_Work required_:
Copy, with no pictures, the line that contains "SD researchers track" and each line after it down to the end of the entries below, exactly.

[[ Dataset records, beginning ]]

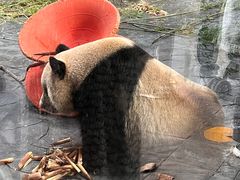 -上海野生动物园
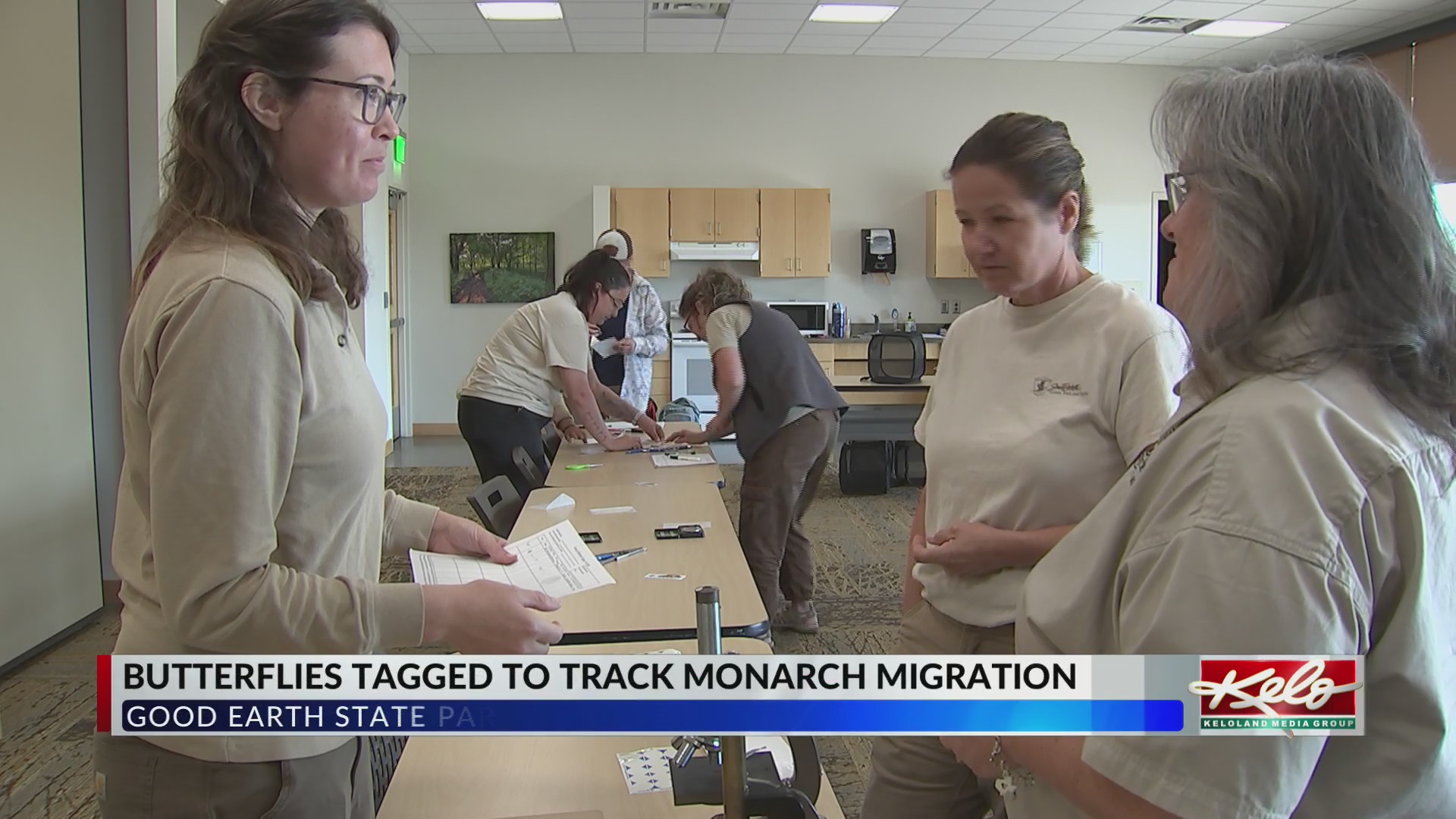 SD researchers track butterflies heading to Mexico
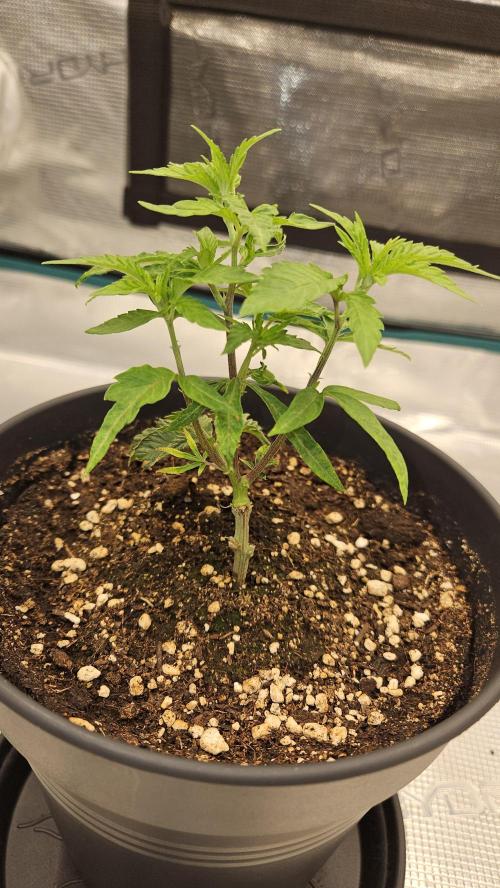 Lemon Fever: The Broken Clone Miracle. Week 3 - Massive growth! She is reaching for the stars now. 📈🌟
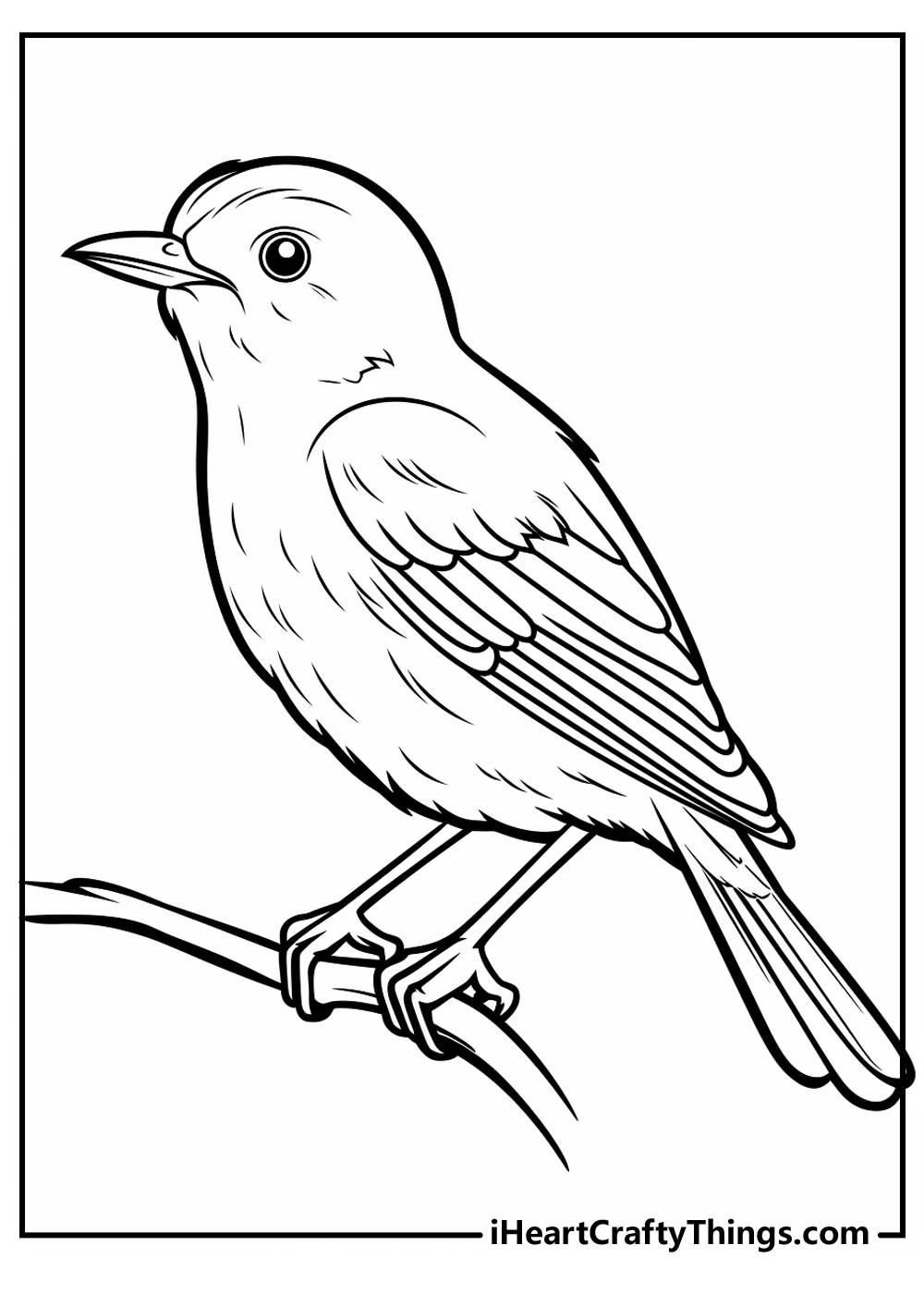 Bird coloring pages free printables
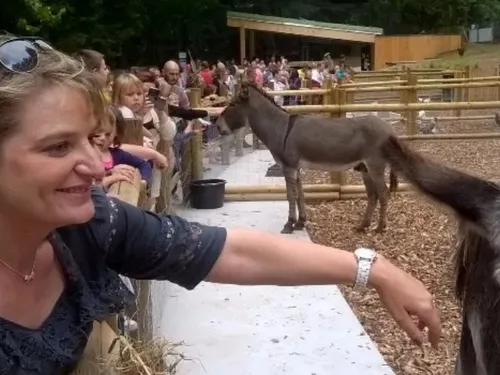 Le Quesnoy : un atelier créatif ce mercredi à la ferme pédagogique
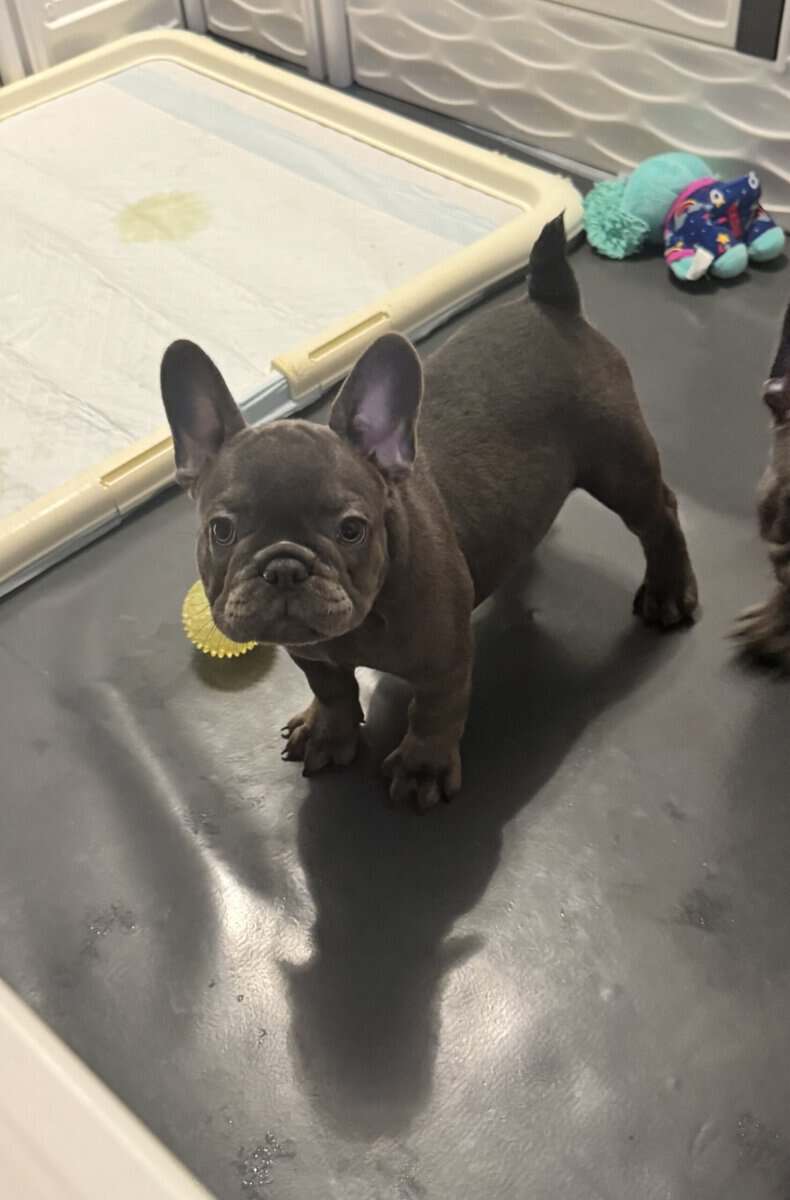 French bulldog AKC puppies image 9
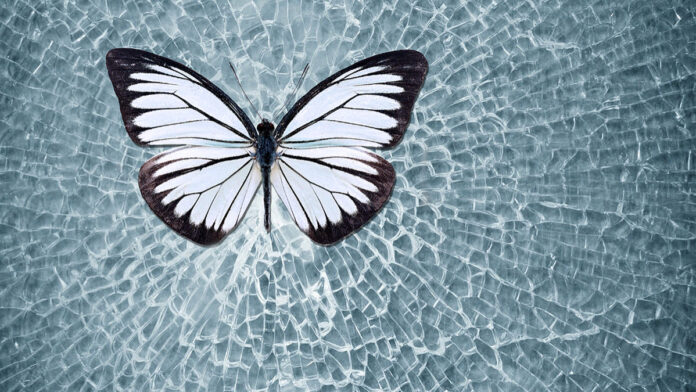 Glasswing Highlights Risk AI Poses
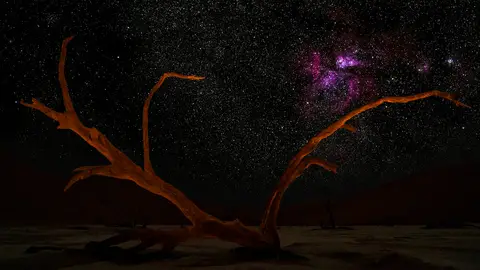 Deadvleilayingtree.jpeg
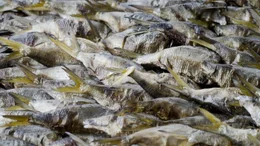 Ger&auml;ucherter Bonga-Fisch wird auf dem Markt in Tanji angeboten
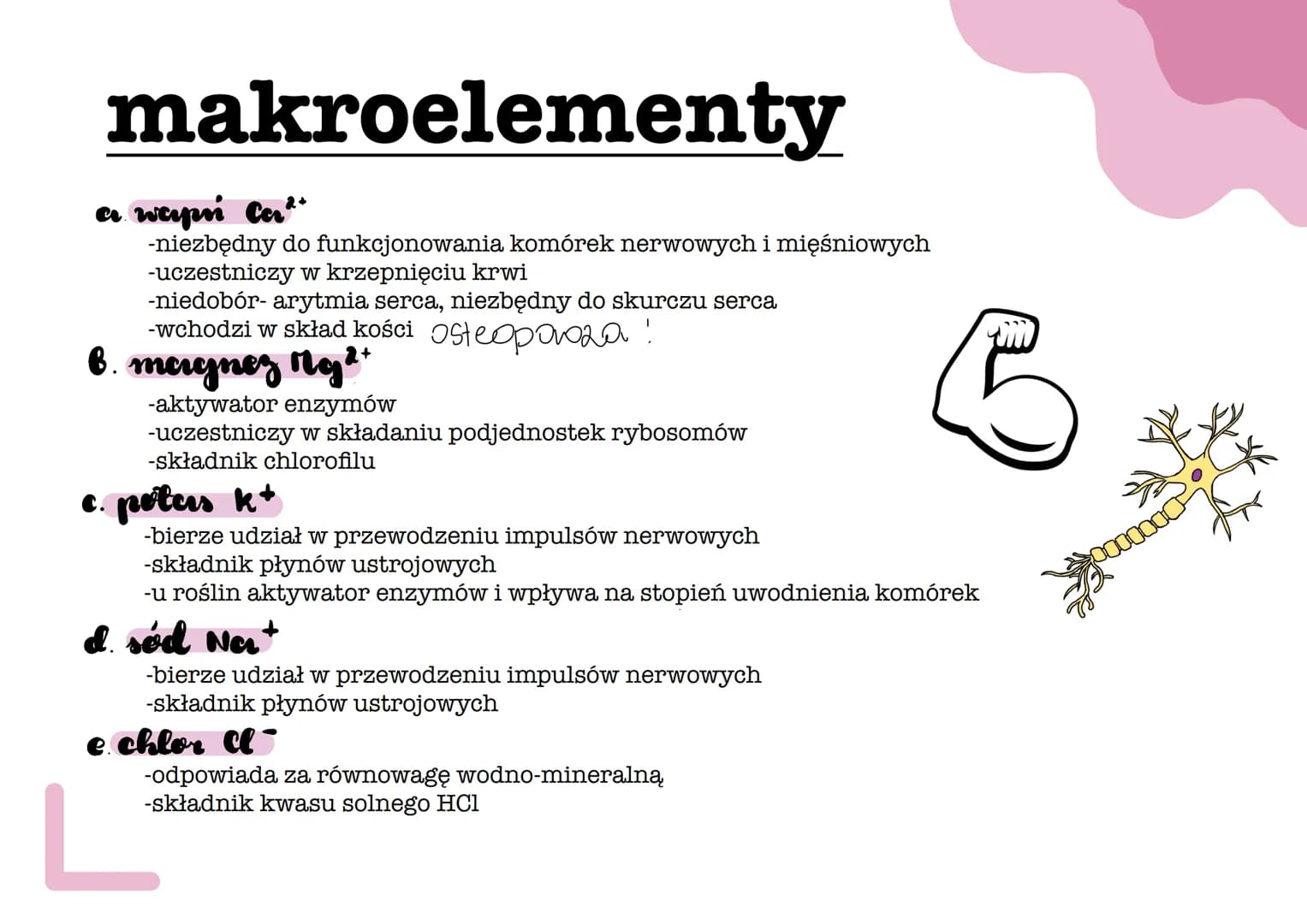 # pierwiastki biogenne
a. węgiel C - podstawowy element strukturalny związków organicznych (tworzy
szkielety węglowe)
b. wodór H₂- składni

[[ Dataset records, end ]]

_Answer box_:
 SD researchers track butterflies heading to Mexico
 Lemon Fever: The Broken Clone Miracle. Week 3 - Massive growth! She is reaching for the stars now. 📈🌟
 Bird coloring pages free printables
 Le Quesnoy : un atelier créatif ce mercredi à la ferme pédagogique
 French bulldog AKC puppies image 9
 Glasswing Highlights Risk AI Poses
 Deadvleilayingtree.jpeg
 Ger&auml;ucherter Bonga-Fisch wird auf dem Markt in Tanji angeboten
 # pierwiastki biogenne
a. węgiel C - podstawowy element strukturalny związków organicznych (tworzy
szkielety węglowe)
b. wodór H₂- składni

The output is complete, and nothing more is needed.